A psicologia social reconhece no comum das sociedades aquilo a que chama “a crença num mundo justo”, e que é a crença de que os males praticados neste mundo são castigados neste mesmo mundo. Topamos essa crença quando ouvimos alguém justificar o mal que aconteceu à pessoa A com o mal que essa pessoa terá feito noutra altura a uma pessoa B, ou ainda mais simplesmente no aforismo “cá se fazem, cá se pagam”.
É uma crença mais ou menos ingénua, e parece que não é daí que vem grande mal ao mundo. Mas quando transportamos essa crença para o mundo religioso as coisas complicam-se. Se o mal que acontece a alguém é castigo (reposição da justiça) de um mal feito anteriormente, quando alguém sofre alguma desgraça começamos a questionar-nos sobre que mal teria feito essa pessoa antes… E como muitas vezes não vemos mesmo mal nenhum, tapamos esta ignorância com a suposição de algum pecado grave que tal pessoa terá praticado, pecado não público, mas tão objectivo que Deus teve que intervir para repor a justiça… Não falta hoje ainda, por exemplo, quem veja na SIDA alguma semelhante acção justiceira de Deus!
Mas no tempo de Jesus era crença comum e religiosamente arreigada: quem sofria alguma desgraça é porque algum pecado tinha feito! Isto, apesar da reflexão sapiencial, como o livro de Job, há muito ter recusado essa relação efeito-causa, entre uma desgraça acontecida a alguém (efeito) e um qualquer pecado praticado (causa).
Jesus recusa dar credibilidade a esta crença, que dois acontecimentos concretos tinham reavivado muito intensamente por aqueles dias. Recusa a crença, mas não foge à questão por ela levantada.

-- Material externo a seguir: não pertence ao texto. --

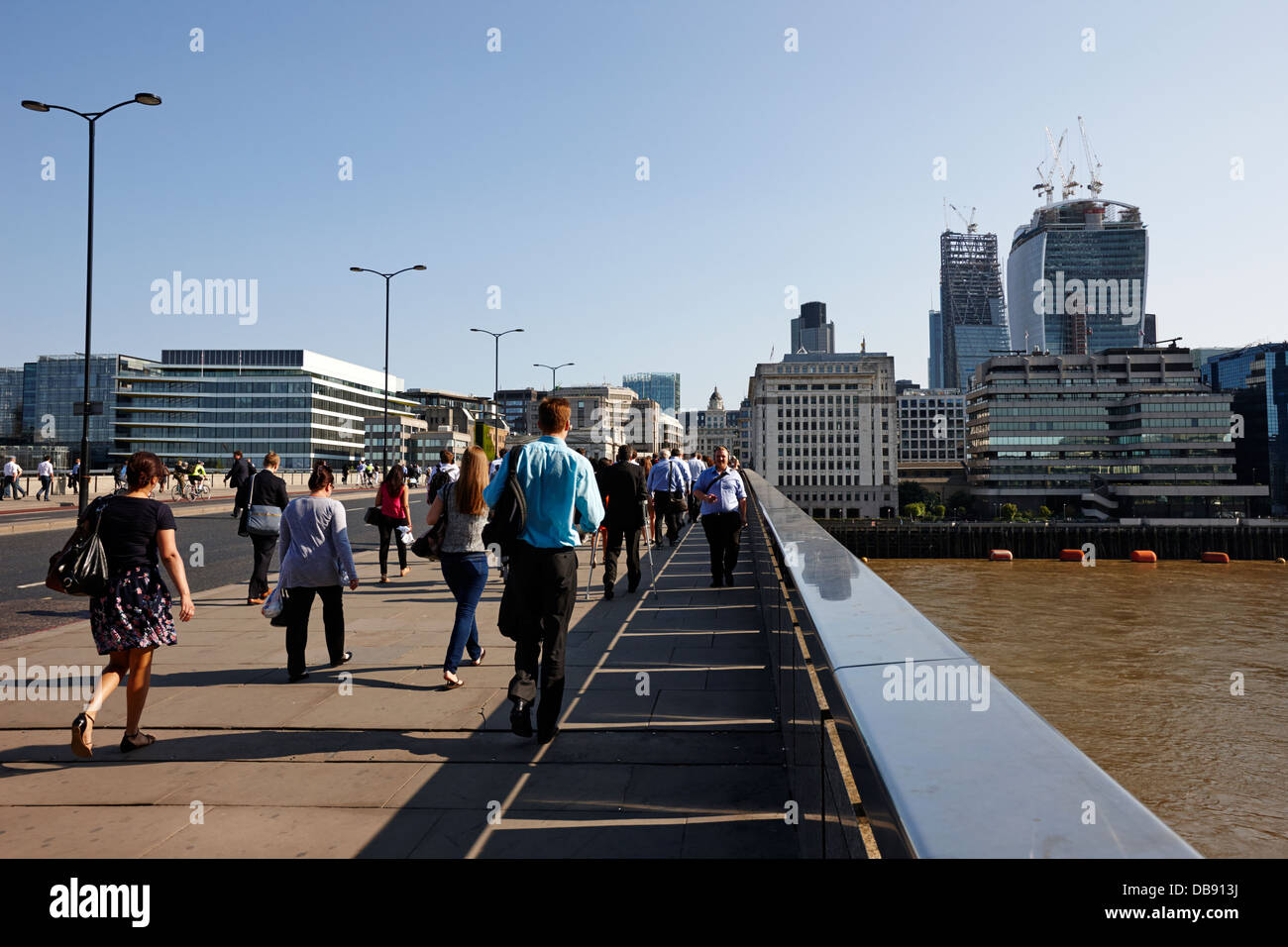 commuters and city workers cross london bridge over the river thames in the morning central London England UK Stock Photo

E tira a seguinte conclusão: não é uma desgraça que prova um comportamento não digno, mas é um comportamento não digno (não convertido) que transforma a vida em desgraça, mesmo que a visibilidade dessa desgraça seja nula: “se não vos converterdes, morrereis do mesmo modo”. Evidentemente, esta “morte” anunciada para quem vive não dignamente não é uma morte física, mas uma morte espiritual, uma morte da pessoa na essência do seu ser, do seu agir, do seu devir.

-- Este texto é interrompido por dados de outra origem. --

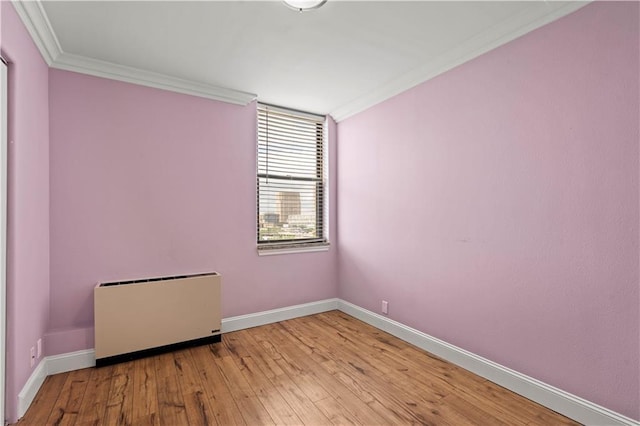 700 E 8th St Unit 11T, Kansas City, MO 64106 - spare room with ornamental molding, light wood-style floors, and baseboards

Lucas associa a esta discussão a parábola do vinhateiro que procura frutos três anos na figueira e não os encontra. Não se refere aqui explicitamente o profeta Amós, mas a parábola e o contexto parecem supô-lo. De facto, trata-se de uma discussão sobre a justiça (e em última instância sobre a justiça de Deus) e Amós é tipicamente o profeta da Justiça. Além disso, Amós usara e abusara do rifão: “por causa do triplo e do quádruplo crime… (de alguém), eu (Deus) não ficarei quieto…, mas vou punir…”. Ora temos aqui exactamente o mesmo “triplo” (três anos) e quádruplo (deixa-a ficar ainda mais um ano).
Só que Jesus aqui não alinha com Amós. Onde Amós vira a necessidade do castigo de Deus (para punir o triplo e quádruplo crime), Jesus coloca a misericórdia de Deus. Jesus substitui a justiça pela misericórdia! Mesmo que houvesse pecado, e que esse pecado fosse o máximo de pecado imaginável, não seria por causa desse pecado que Deus mandaria Pilatos matar galileus ou que sopraria a torre de Siloé para cima dos 18 homens que morreram na sua queda.

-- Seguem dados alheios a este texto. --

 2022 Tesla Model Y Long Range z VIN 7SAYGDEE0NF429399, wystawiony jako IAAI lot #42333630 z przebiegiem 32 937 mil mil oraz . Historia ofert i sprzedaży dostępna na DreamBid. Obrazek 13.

Já o referi muitas vezes: esta é a parábola do Deus que nos ama até ao absurdo: para além de ter esperado os nossos frutos todo o tempo possível (três é totalidade), por absurdo, como se fosse possível mais tempo do que o tempo todo, rega, aduba e poda um ano mais, esperando os frutos nunca dados. Deus é o vinhateiro da misericórdia infinita. Quem reclama o deus de Amós não aprendeu ainda nada com Jesus de Nazaré.